Difficile azzardarsi a dire oggi se la Schlein troverà la forza e le alleanza
interne per cambiare le cose. Affinché quel Pd, che per tanti anni si è
sorretto sulla lotta tra correnti senza politica, nei comitati e cordate elettorali
(a Roma coma a livello locale) e ha manifestato la sua efficienza quasi
esclusivamente nell’occupazione di ogni possibile spazio di potere, possa diventare
un partito di sinistra.
Riformista di sinistra, affinché le riforme con il consenso dei cittadini, siano
migliorative e non peggiorative della condizioni di vita dei più deboli.
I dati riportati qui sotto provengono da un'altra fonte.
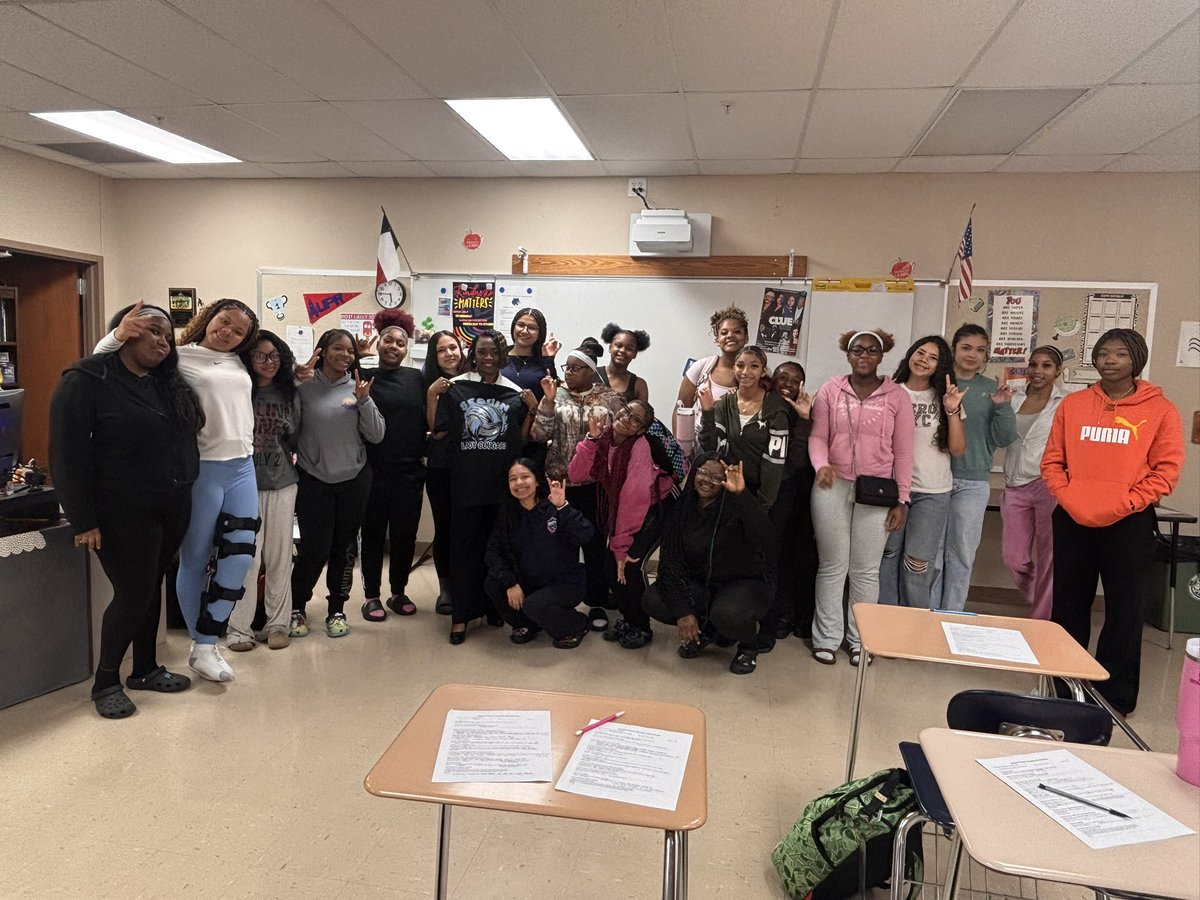 SeguinVball's tweet image. Today our 2nd pillar came to life as Judge Rocky poured wisdom into our girls about integrity, tearing ⬇️walls, doing the right thing when no one is 👀, &amp;amp; choosing your ⭕️wisely.  Grateful for leaders who challenge our athletes to be great humans first. #StepontheSCALE #Character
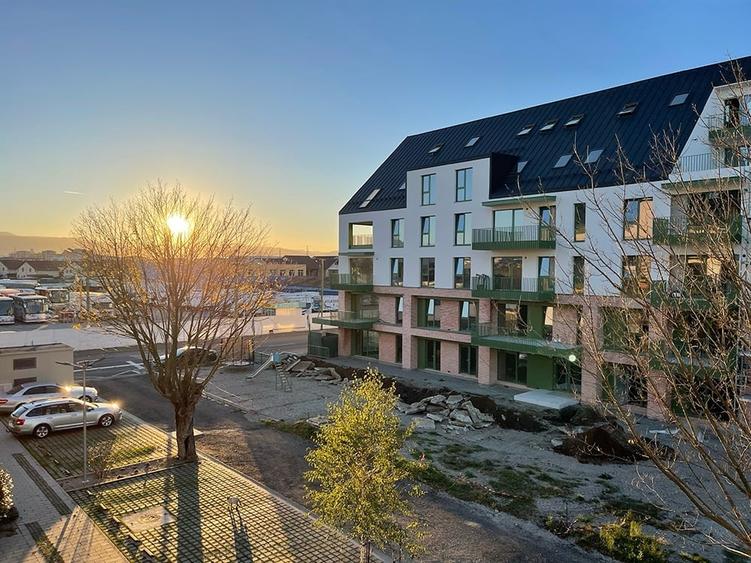 Apartament cu 2 camere decomandat în Țiglari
Perché il Pd possa essere uno strumento della lotta politica per difendere e
tutelare libertà e democrazia. Cosa che
in questi anni non è stato. A partire dalla riforma per la riduzione dei
parlamentari, approvando e promuovendo le peggiori leggi elettorali, anche
dichiaratamente incostituzionali.
Un partito che anziché partire dallo Statuto dei Lavoratori si è macchiato
delle peggiori leggi in materia di lavoro. Ha consentito che non fosse la
politica a condurre una lotta dura contro lo sfruttamento e per far emergere quelle
aree sempre più larghe in cui i lavoratori vivono in oggettive condizioni di schiavitù.
Questo è stato delegato all’arma dei Carabinieri.
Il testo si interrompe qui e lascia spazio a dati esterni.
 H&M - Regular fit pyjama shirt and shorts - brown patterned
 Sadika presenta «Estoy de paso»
Difficile persino dire oggi se il partito di Veltroni, che aveva giocato tutte
le sue carte sulla presuntuosa “vocazione maggioritaria”, che perdura ancora
nell’arrogante convinzione che si possa perdere le elezioni politiche accontentandosi
di essere il maggior partito della coalizione, con il deserto intorno, possa essere
sostituito da un partito “normale”.
Vedremo. Ma in mezzo a mille incertezze, abbiamo il dovere di essere positivi.
Prima di tutto per la novità in sé, ma anche a partire dalle prime
dichiarazioni di Elly Schlein.
In particolare dalla presa di posizione, che segna finalmente una vera frattura politica con Enrico Letta, sul tema
della guerra in Ucraina. Una posizione politica che ha collocato il Pd su una
posizione solo ed esclusivamente atlantista, miope anche dal punto di vista
europeo. Sul punto la Schlein si è espressa in modo chiaro contro l’escalation
di invio di armi in Ucraina anche da parte dell’Italia: perché non è la
soluzione migliore per arrivare presto ad una tregua e ad un tavolo
internazionale per la pace. Soprattutto
se il pericolo è l’allargamento del conflitto. E soprattutto se si parte dalla
certezza che la guerra favorisce sempre la destra e mai la sinistra.
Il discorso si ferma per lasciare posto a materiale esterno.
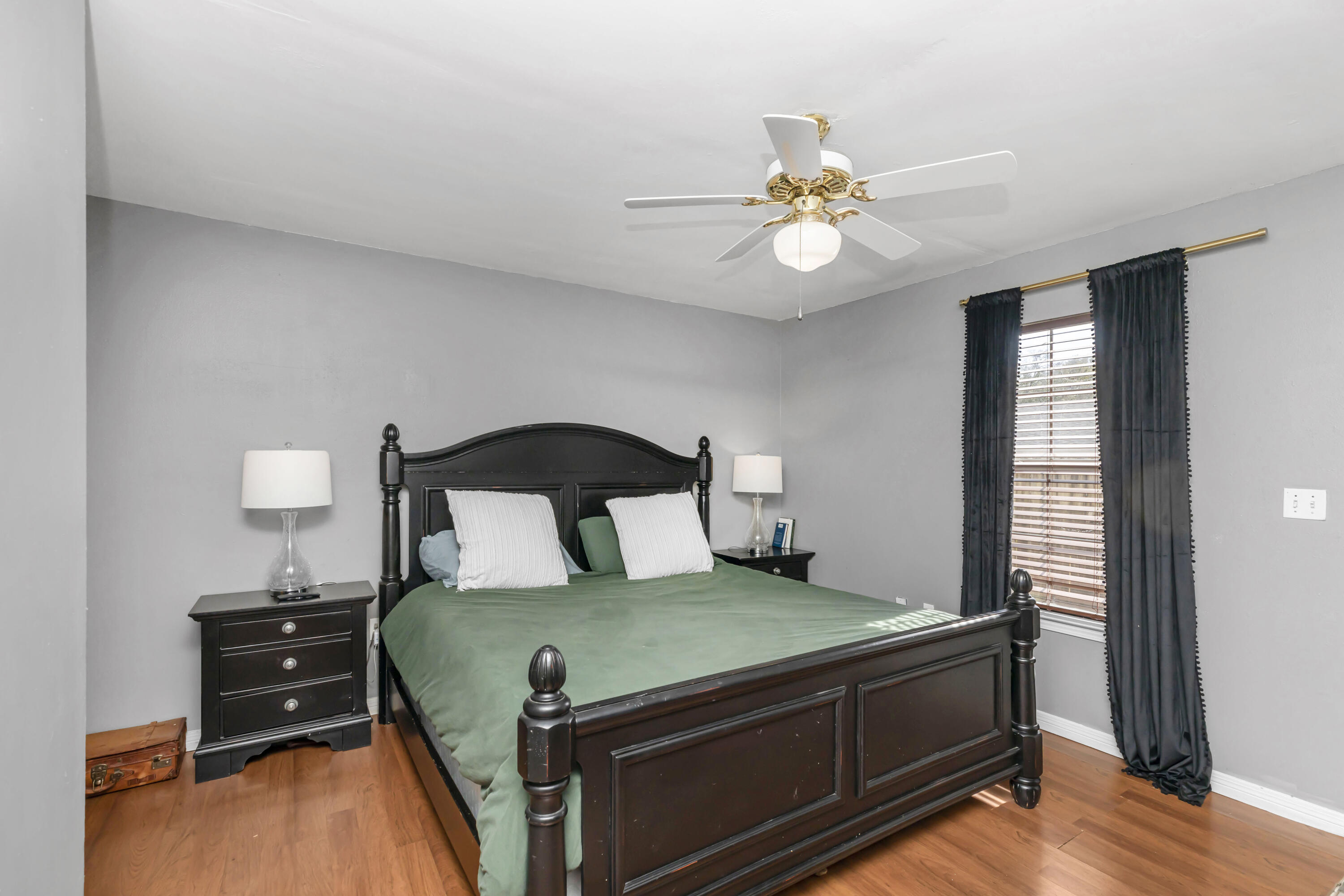 ROANOKE VILLAGE S/D - Residential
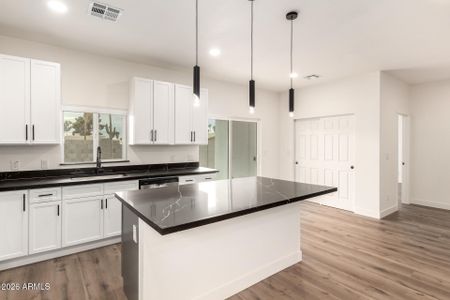 New construction Single-Family house 9455 W Pineveta Dr, Arizona City, AZ 85123 - image 8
Detto questo. C’è una cosa sulla quale
misureremo la capacità della nuova segretaria di cambiare rotta per davvero. Il
nodo non è avere un partito più progressista, ambientalista o femminista. Il
nodo sta nella capacità o meno della Schlein di aprire nel Pd e nella sinistra
in dibattito largo e dirompente sul tema dell’identità della sinistra. Senza la
quale il Pd e la sinistra muore.
Noi le chiederemo di ripartire da una riflessione sull’identità socialista.
Nella convinzione che senza una grande forze socialista, e senza una sinistra
che si identifichi con la cultura socialista italiana e internazionale, la
sinistra sarà sempre più debole, perdente e finirà nelle mani della destra,
come è già avvenuto.
Lei può farlo meglio di altri, perché dopo tanti segretari ex comunisti e ex
democristiani, lei è nata in una famiglia in cui il socialismo era una cosa
seria. Dal nonno senatore Agostino Viviani, allo zio grande avvocato
amministrativista Mario Viviani sempre dalla parte dei comuni per la difesa degli
interessi pubblici contro quelli privatistici, alla madre costituzionalista di
grande spessore democratico.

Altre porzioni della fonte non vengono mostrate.